También Del Pino reconoce que en el espárrago el sector puede recibir un "varapalo importante" en un momento en que se iba a iniciar la campaña en la provincia de Granada, que toma la delantera precisamente en febrero a otros territorios, con los beneficios que ello suele suponer en términos de precios y acceso a mercados. Se dan tres problemáticas según la primera aproximación de balance realizada por Asaja a Europa Press: hay "parcelas encharcadas" en que "no se sabe si el fruto va a salir o no".

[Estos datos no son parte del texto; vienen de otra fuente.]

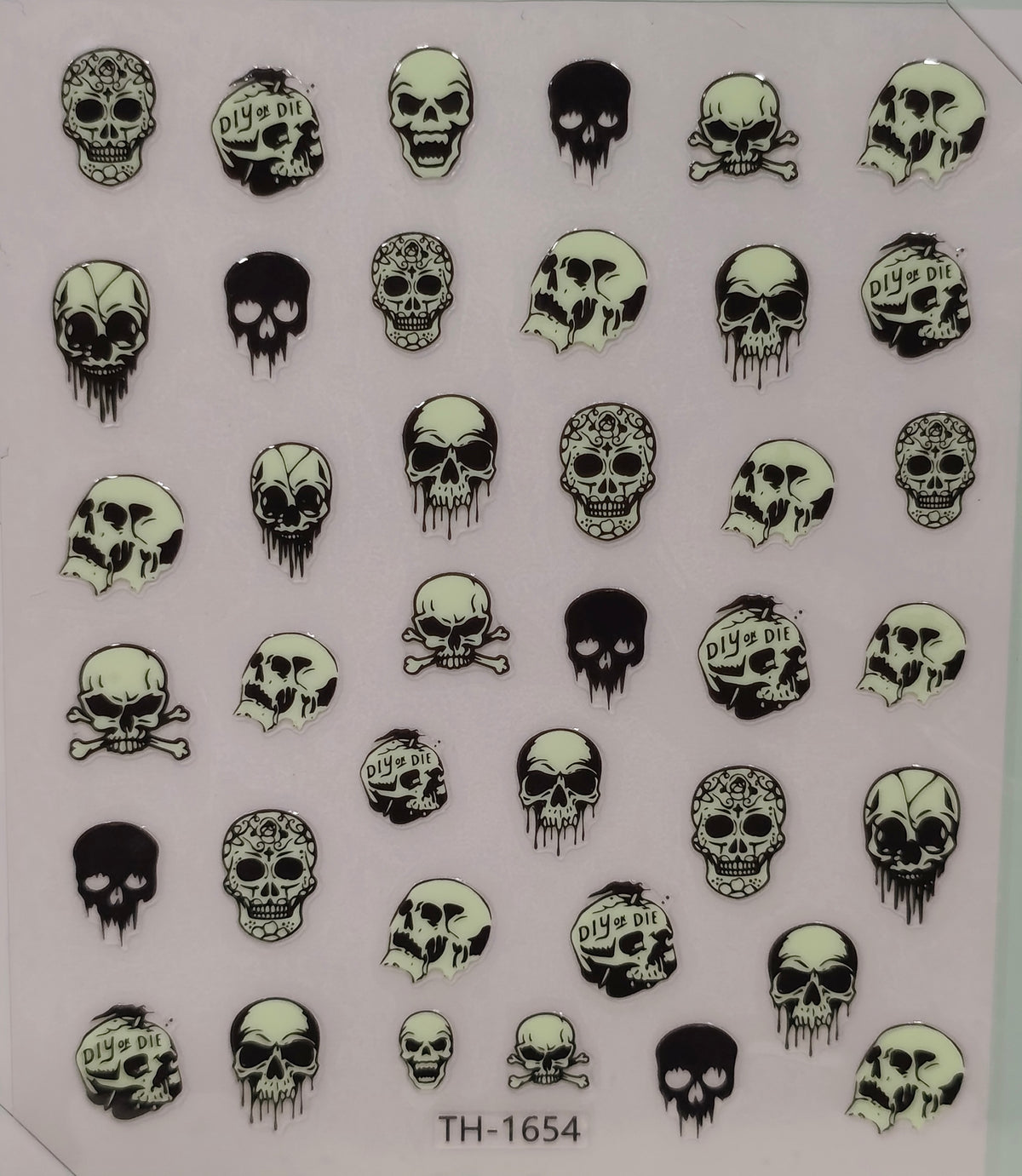 TH1654 - Glow in the Dark!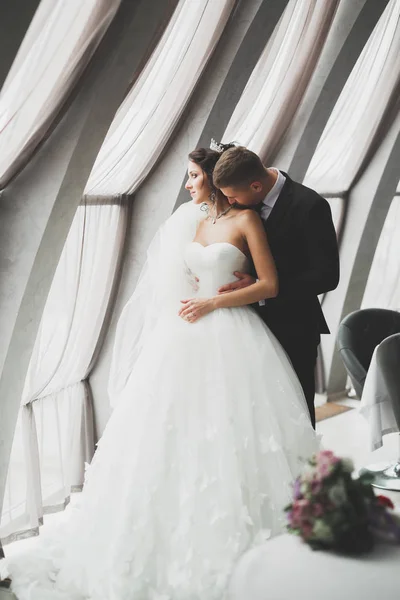 Casal feliz encantador do casamento, noiva com vestido branco longo posando na cidade bonita — Fotografia de Stock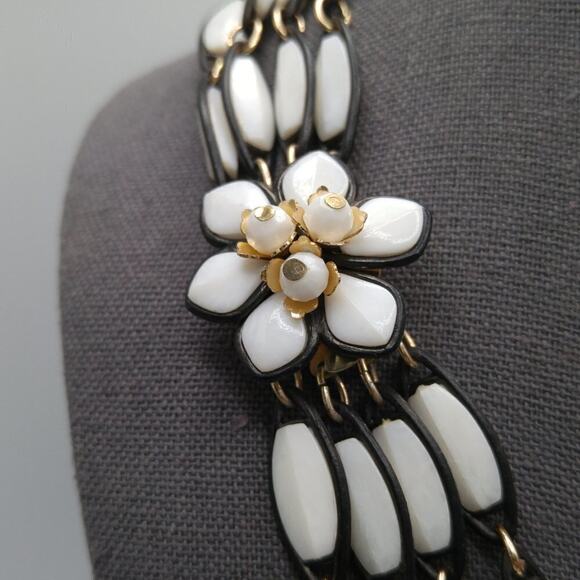 Vintage Hong Kong Lucite Necklace Black White 4 Strand Flower Clasp 1960s - Picture 4 of 9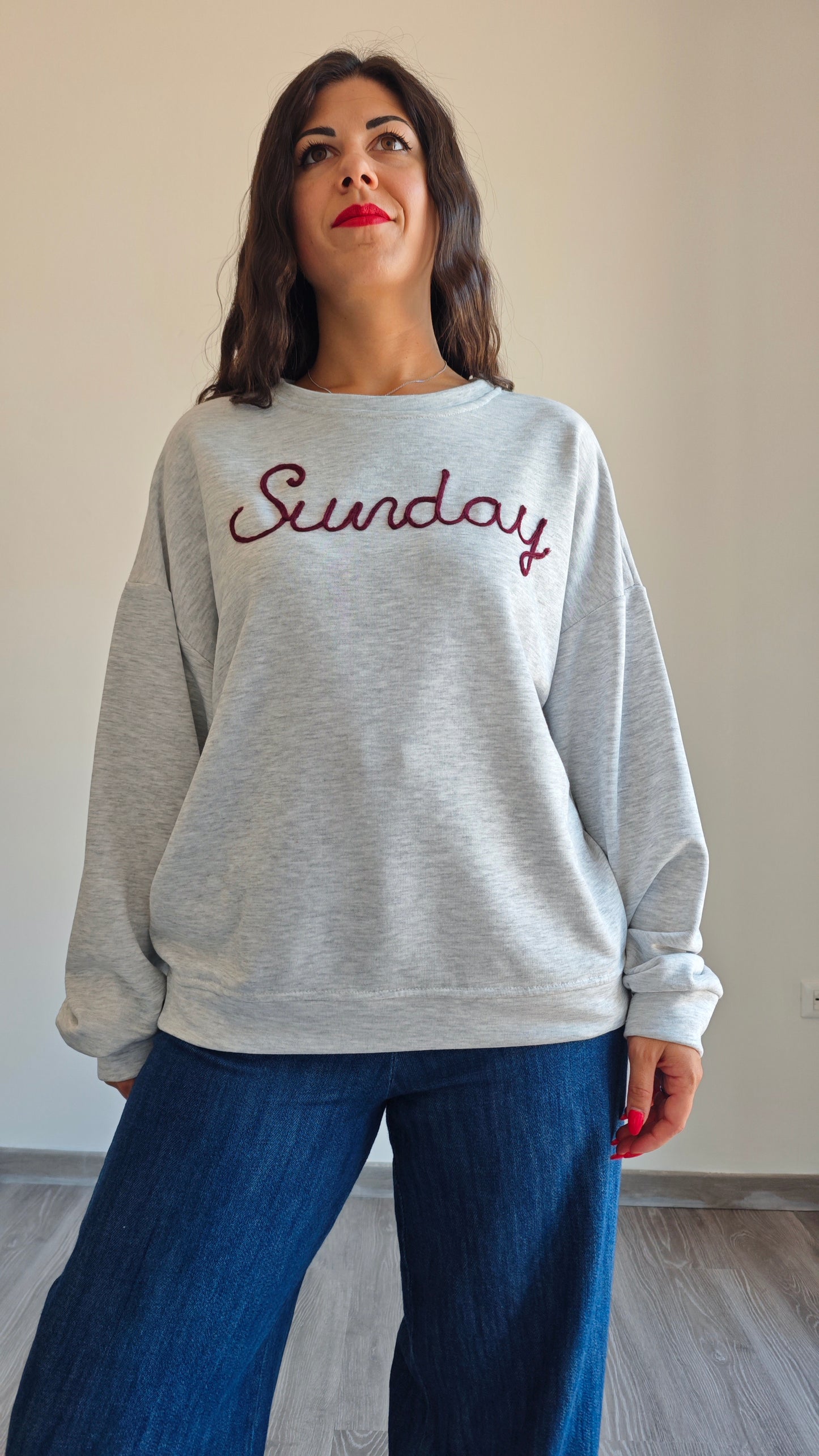 Felpa Garzata con scritta Sunday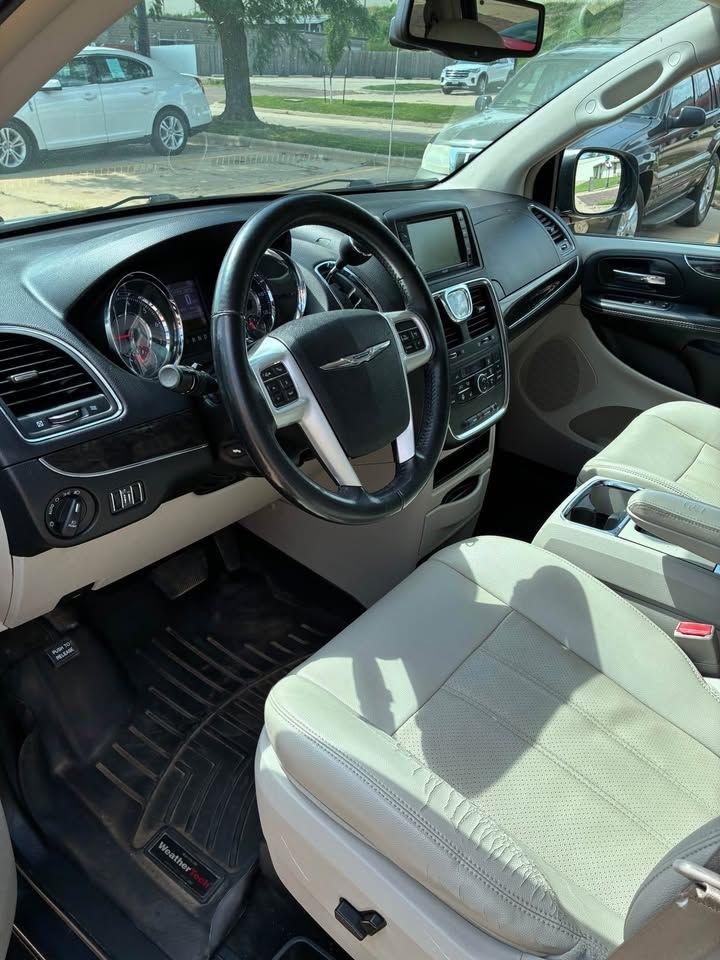 2014 Chrysler Town & Country Touring-L - Photo 8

En otras está por dilucidarse si la planta va a tener que "arrancarse" y ser sustituida para la siguiente campaña. Y hay otras parcelas en que, "aún sin tener encharcamientos", no se va a poder acceder a ellas por los daños en caminos.

En subtropicales, preocupa en la Costa Tropical sobre todo el aguacate, ha concluido Del Pino, donde en torno a un 20% de la producción se ha podido ver perjudicado. Es un cultivo que dura mucho más porque el fruto se mantiene en el árbol hasta que no se corta. Por tanto, puede prolongarse hasta el verano.

Pero sí hay que valorar posible caída de ramas de árboles o de frutos al suelo. Este cultivo "ha tenido problema no tanto por la lluvia sino por el viento" en un momento en que las campañas del mango y de la chirimoya se dan en términos generales por terminadas, han detallado desde Asaja.